Я провел ее в свою комнатку, а хозяйка моя все лежит и похрапывает. Как хорошо порой спится под дождь. Моя гостья плотно закрыла дверь и щелкнула выключателем. Свет был лишним, он больно давил на глаза. Но я был в каком-то оцепенении.

— Ну, теперь узнаете? Мать я Нины Седяевой. Боже мой!.. Вы только что были у нас, ведь только что... — Она сбилась, опустила глаза. Потом заговорила низким сдавленным голосом. — Нехорошо вышло с мужем-то. Вы простите нас, а то еще начнете мстить моей Ниночке... — Она опять сбилась, а я молчал, как будто все это происходило во сне. И я злюсь на себя, но нет пробуждения, а она опять говорит: — Дочка плачет, и сама я расстроилась. Вы простите уж, я не знаю как. Я не знаю... — А с платья у нее стекала дождевая вода, и волосы тоже мокрые, и по щекам бегут капли. Она хотела причесать и поправить волосы, но почему-то смутилась и передернулась. Как будто это ее унижало, пугало, как будто она была виновата в этом дожде. Я видел, что она уже посинела от холода, но у меня не было даже чаю, да и в комнате — мозглота. Вот так, дорогой, ситуация — ночь, дождь кругом и незнакомая женщина... — Женя хмыкнул и сломал в ладонях тополиную веточку. А зной все сильней, все сильней. И в воздухе уже стояла тяжелая глухая тревожность, какая бывает часто перед грозой. Чаечка уже улетела куда-то. Наверно, надоело ей смотреть на двух дураков.

— Женя?

— Чего?

— Зачем ты вызвал меня? И зачем ты все громоздишь? Какая-то женщина, Дынька, какой-то дождь...

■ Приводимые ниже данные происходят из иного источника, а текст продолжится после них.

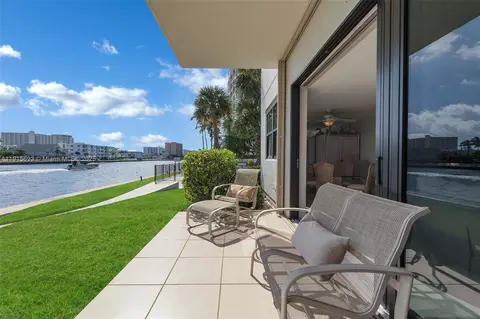 2900 NE 14th St Cswy #108, Pompano Beach, FL 33062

— Должен же я рассказать...

— Вот жене и поведай своей.

— А ты злой, Коршунов! — Он назвал меня по фамилии и как-то отрывисто посмотрел. А в глазах неуверенность. И это совсем расстроило меня. Что-то в нем теперь мне не нравилось, а что именно, я понять не мог. Может, сама исповедь надоела. Да и не привыкли нынче мы к таким откровениям. И все некогда, и жаль нам времени, и не хочется отвлекаться на рассуждения. А со мной — даже хуже того. Не люблю длинных и внезапных признаний, все кажется, чудится: лгут в них люди, не договаривают. А лгут потому, что грешны были и виноваты, а сейчас надо заделать все трещины, чтобы потом еще больше грешить. Но то люди, а этот — ребенок. Какие уж у нашего Евгения женщины и ночные стуки в окно. Слишком чистый он и святой. И свежий весь, как алма-атинский апорт. И даже сердиться-то он не умеет. Только топорщит губы, как большое дитя. И я смотрю на его губы и улыбаюсь.

— Ну что замолчал? Как там гостья-то? — Женя сразу встрепенулся и засмотрел благодарно. А я опять ему: — Ты прости, что обидел...

— А ты не обидел. — Он дотронулся до моего плеча. Была у него такая манера — протягивать вперед ладонь и дотрагиваться до плеча. Он улыбнулся и снова стал говорить:

— Гостья-то моя вдруг осмелела и стала как пьяненькая. Наверное, у нее температура началась: прошла по дождю и по ветру, вот и продуло насквозь.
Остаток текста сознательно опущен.